Franck Guyot : « Parmi l’ensemble des outils que nous mettons à disposition de nos acheteurs, nous avons également un fichier des bonnes pratiques des différentes vagues ARMEN du programme Phare, une fiche « type de leviers » afin d’identifier les gains possibles et ajuster les spécifications techniques, une fiche stratégie achat pour synthétiser l’ensemble des démarches menées avec le prescripteur, un fichier « check-list » permettant aux responsables d’effectuer une check-list du cahier des charges afin de vérifier la bonne complétude de la définition des besoins pour les dossiers les plus importants. »

achat-logistique.info : Quels autres leviers utilisez-vous pour optimiser les gains achat ?

Franck Guyot : « Une fois le besoin défini, l’acheteur doit procéder au calcul de la valeur estimée afin d’identifier la procédure à mettre en œuvre pour son marché public, il doit également traduire le besoin dans un document contractuel, en principe le CCTP, en exprimant les spécifications techniques, en termes de performance à atteindre ou d’exigences fonctionnelles, en déterminant les besoins par référence à des spécifications techniques (normes reconnues au niveau national ou européen), en prenant en compte les objectifs de développement durable (pour ce faire il est possible d’utiliser les ressources de la DAJ de Bercy : aspects économiques, sociaux, environnementaux).

En cas d’incertitude sur les besoins, il est possible de faire appel aux dispositifs prévus par la commande publique : utilisation des accords-cadres pouvant donner lieu à la conclusion de marchés subséquents ou à l’émission de bons de commande, recourir à la procédure concurrentielle avec négociation, ou encore recourir au dialogue compétitif. »

achat-logistique.info : Quel est l’un des plus grands risques d’une mauvaise définition des besoins ?

Franck Guyot : « Une mauvaise définition des besoins peut se traduire par une prolifération d’avenants.

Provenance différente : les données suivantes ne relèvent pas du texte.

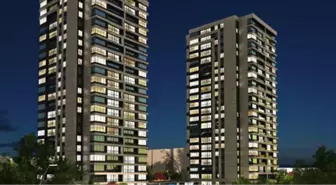 The Kayseri Forum Residence 520 Bin Tl
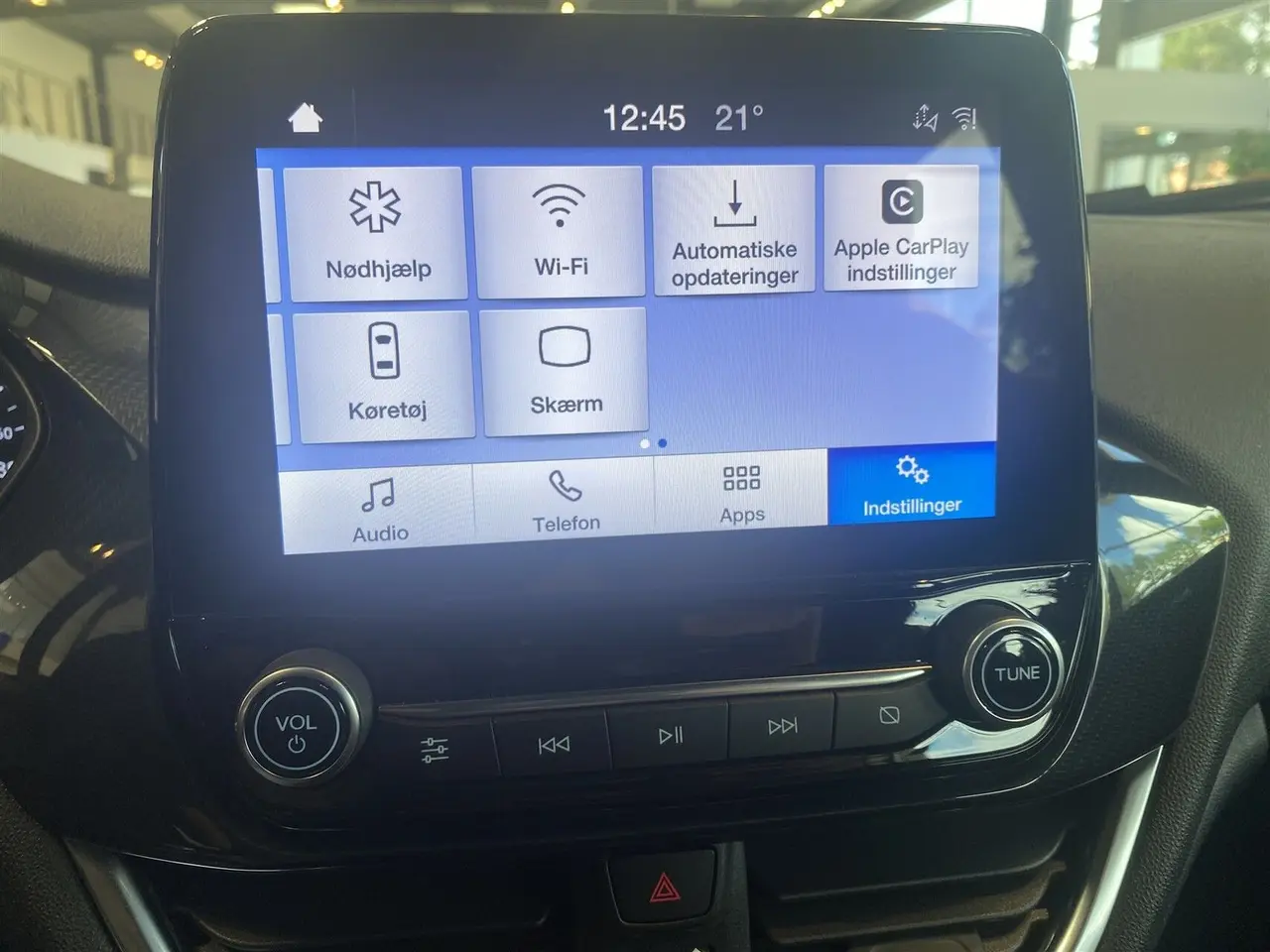 Billede 20 - Ford Fiesta 1,0 EcoBoost Active DCT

Les acheteurs connaissent parfaitement les risques alors que, le plus souvent, les services demandeurs n’en ont pas conscience. Après la phase de négociation entre acheteurs et services demandeurs (parfois synonymes de tensions tant ils n’ont pas conscience des coûts cachés), on pourra dire que le besoin est parfaitement défini. Restera donc à l’acheteur à traduire techniquement l’évolution de ce besoin dans le marché. »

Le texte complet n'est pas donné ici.